§ Task brief: This exercise calls for the records to be returned exactly, with images removed.

§ Dataset records:
****************

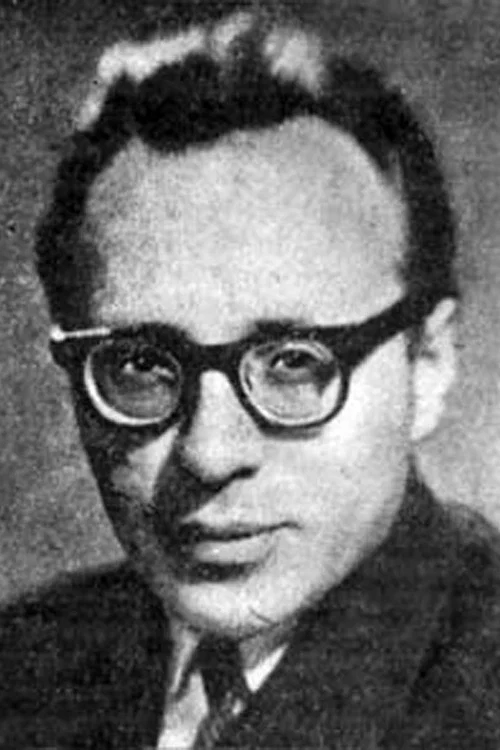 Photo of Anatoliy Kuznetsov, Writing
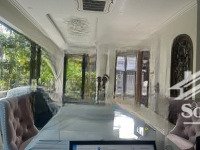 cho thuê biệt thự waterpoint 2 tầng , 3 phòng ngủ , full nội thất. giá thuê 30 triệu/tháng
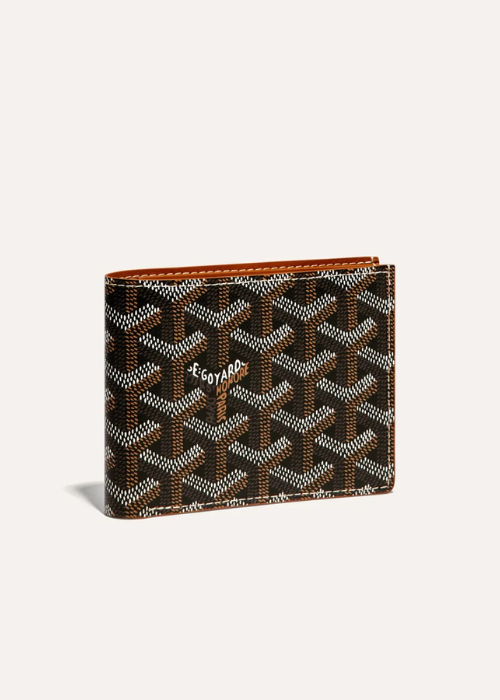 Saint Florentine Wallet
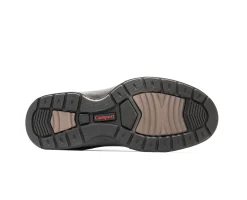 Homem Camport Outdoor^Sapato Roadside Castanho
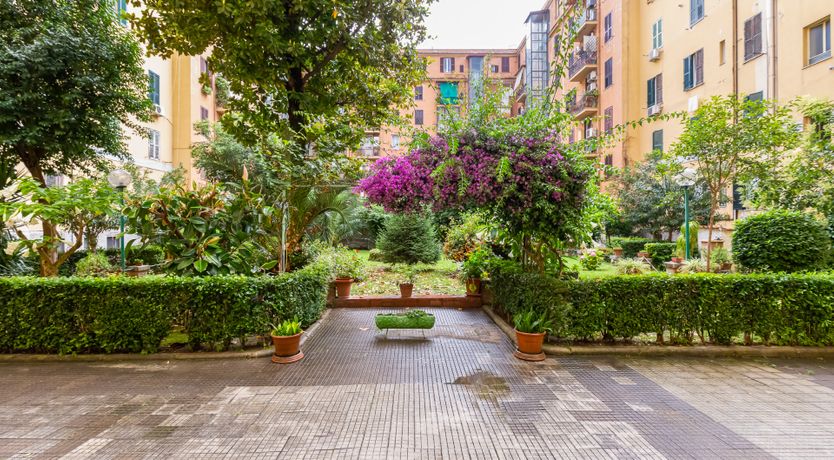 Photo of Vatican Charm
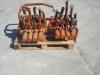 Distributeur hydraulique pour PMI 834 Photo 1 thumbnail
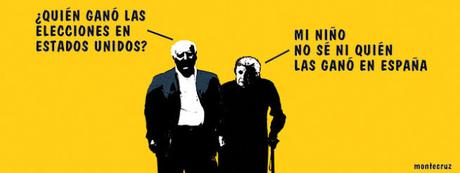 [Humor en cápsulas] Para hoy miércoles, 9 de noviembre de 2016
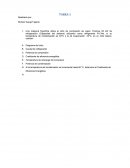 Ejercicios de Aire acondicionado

****************

§ Answer:
 Photo of Anatoliy Kuznetsov, Writing
 cho thuê biệt thự waterpoint 2 tầng , 3 phòng ngủ , full nội thất. giá thuê 30 triệu/tháng
 Saint Florentine Wallet
 Homem Camport Outdoor^Sapato Roadside Castanho
 Photo of Vatican Charm
 Distributeur hydraulique pour PMI 834 Photo 1 thumbnail
 [Humor en cápsulas] Para hoy miércoles, 9 de noviembre de 2016
 Ejercicios de Aire acondicionado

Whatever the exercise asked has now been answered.